[英]How To Fill New Column With Values From Second Dataframe but Dependent on Different Existing Column in Current Dataframe using Pandas
I created an informational table, which is very long (think nearly 100 observations or just under).我创建了一个信息表,它很长(想想近 100 次观察或略低于)。 I have a main table (around 70K onservations) where I need to create a new column and fill it based on matching values between my two dataframes but I need to fill the new column the cells with data from my information table.我有一个主表(大约 70K onservations),我需要在其中创建一个新列并根据我的两个数据帧之间的匹配值填充它,但我需要用我的信息表中的数据填充新列的单元格。
I created a small dataset but my real dataset (which I can't share because my prof signed a non-diclosure) has like 70K observations.我创建了一个小数据集,但我的真实数据集(我无法分享,因为我的教授签署了保密协议)大约有 70K 观察。

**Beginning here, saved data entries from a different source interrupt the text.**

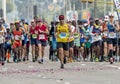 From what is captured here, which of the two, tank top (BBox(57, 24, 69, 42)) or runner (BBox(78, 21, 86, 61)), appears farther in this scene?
runner (BBox(78, 21, 86, 61))

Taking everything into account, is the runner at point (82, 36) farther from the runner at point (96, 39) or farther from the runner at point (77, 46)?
the runner at point (96, 39)

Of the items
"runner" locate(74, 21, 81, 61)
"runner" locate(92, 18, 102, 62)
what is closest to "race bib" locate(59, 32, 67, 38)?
"runner" locate(92, 18, 102, 62)

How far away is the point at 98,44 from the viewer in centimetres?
2953

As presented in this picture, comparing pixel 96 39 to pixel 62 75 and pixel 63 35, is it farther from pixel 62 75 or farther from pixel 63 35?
pixel 62 75

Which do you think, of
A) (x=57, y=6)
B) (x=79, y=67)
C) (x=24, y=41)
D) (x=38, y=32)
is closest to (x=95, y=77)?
(x=79, y=67)

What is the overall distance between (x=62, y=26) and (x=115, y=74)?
389 cm

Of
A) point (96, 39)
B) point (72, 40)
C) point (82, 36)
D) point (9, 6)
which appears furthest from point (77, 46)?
point (9, 6)

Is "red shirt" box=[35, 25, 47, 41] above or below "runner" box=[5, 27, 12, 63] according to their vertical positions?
above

data_1 (info table) data_1(信息表)
Animal Food
Dog Stake
Cat Fish
Rabbit Carrot
data 2 (original table)数据2(原表)
Name Animal Age
Binxy Dog 1
Al Rabbit 4
Sam Dog 11
Dexter Cat 9
Dory Hamster 6
Chloe Cat 5
desired data_frame所需的数据帧
Name Animal Age Fed [new column]
Binxy Dog 1 Stake
Al Rabbit 4 Carrot
Sam Dog 11 Stake
Dexter Cat 9 Fish
Dory Hamster 6 NaN
Chloe Cat 5 Fish
my gut tells me it probably has to do with iloc
or loc
and using some bloonean values.我的直觉告诉我这可能与iloc
或loc
以及使用一些 bloonean 值有关。 Verbally I would say:口头上我会说:
I think merge
might work but I'm not certain if it would fill it for every matching value.我认为merge
可能会起作用,但我不确定它是否会为每个匹配的值填充它。 I'm not very good at merges because I struggle to understand the join feature but I don't think values would be inserted where I need them because my dataframes are not the same length.我不太擅长合并,因为我很难理解连接功能,但我认为不会在我需要它们的地方插入值,因为我的数据帧长度不同。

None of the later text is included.